È evidente, pur con tutta la ricostruzione storicamente accurata del caso e l’immedesimazione nei personaggi giapponesi, che la visione è tutta “occidentale”. I rapporti tra comandanti e subalterni sono regolati da una rigida disciplina e dalla formalità. Il che è certamente tipico della mentalità giapponese ma il giudizio che ne viene dato è quello dello stesso regista. Il quale mostra volutamente questi contrasti all’interno della compagine giapponese per riavvalorare la sua tesi di fondo: la mancanza di solidarietà umana ha provocato la disfatta dell’esercito nipponico (quella che, invece, nell’esercito americano non mancava). Non c’è, infatti, tra i soldati giapponesi quell’aria di cameratismo e goliardia che si trovava nei soldati americani e che rendeva il film precedente, per alcuni tratti, una sorta di commedia. Qui è il dramma a farla da padrone, dall’inizio alla fine.
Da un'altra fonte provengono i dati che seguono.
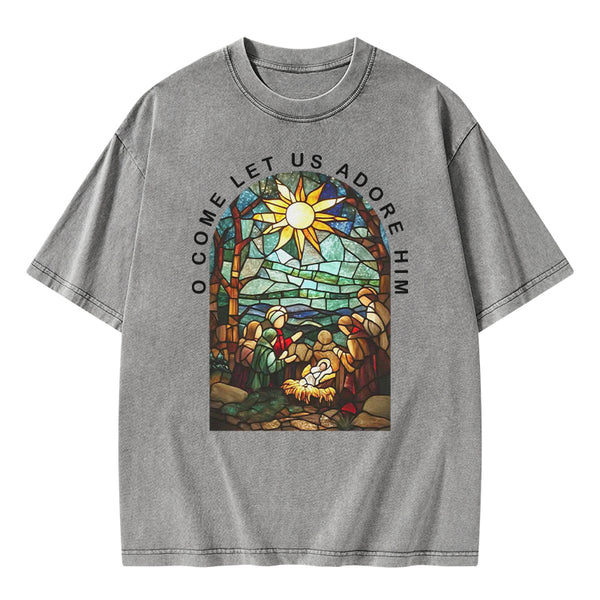 O Come Let Us Adore Him Christian Washed T-shirt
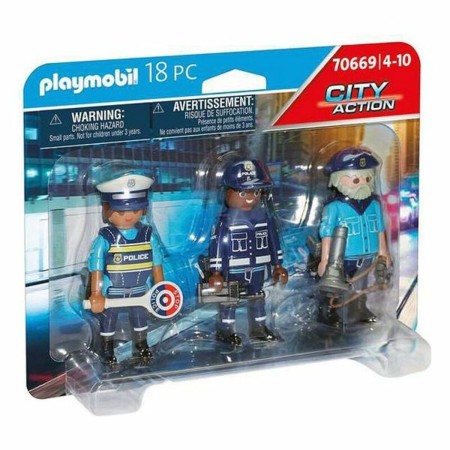 Playset City Action Police Figures Set Playmobil 70669A 18 Piezas (18 pcs)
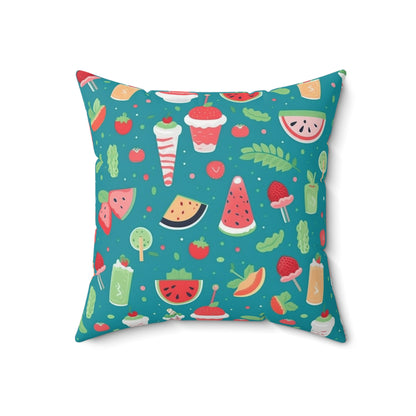 Quirky Summer Food Watermelon Ice Cream Cocktail Pattern Spun Polyester Square Pillow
Gli intensi primi piani, la colonna sonora, le lettere ai famigliari e la fotografia in bianco e nero (la stessa che si trovava nel precedente film ma portata ancora di più all’estemo) rendono iconiche le figure dei soldati giapponesi e vicine al pubblico che non può non empatizzare per loro. Non c’è più la denuncia all’istituzione ma un sentito omaggio al coraggio dei “vinti”.

Si tratta di un’importante novità per la filmografia americana che cerca, per la prima volta, di “mettersi nei panni del nemico” pur sfruttando dei cliché (e un punto di vista) tipicamente occidentali.

La ricostruzione della battaglia in trincea e nelle gallerie costruite dai giapponesi, inoltre, è molto accurata e mirabilmente ricostruita riproducendo esplosioni e rumori sotterranei (e un’incredibile e terrificante harakiri con bombe a mano!).

I due film meritano una visione (rispettivamente in quest’ordine e in lingua originale, soprattutto il secondo) per la descrizione delal stessa battaglia da due punti di vista opposti ma, allo stesso tempo, corrispondenti, che tuttavia la fanno sembrare come due battaglie completamente diverse.

Un modo di dirigere eraccontare che potrebbe (e può) fare scuola anche per futuri scrittori e registi di “storie di guerra”.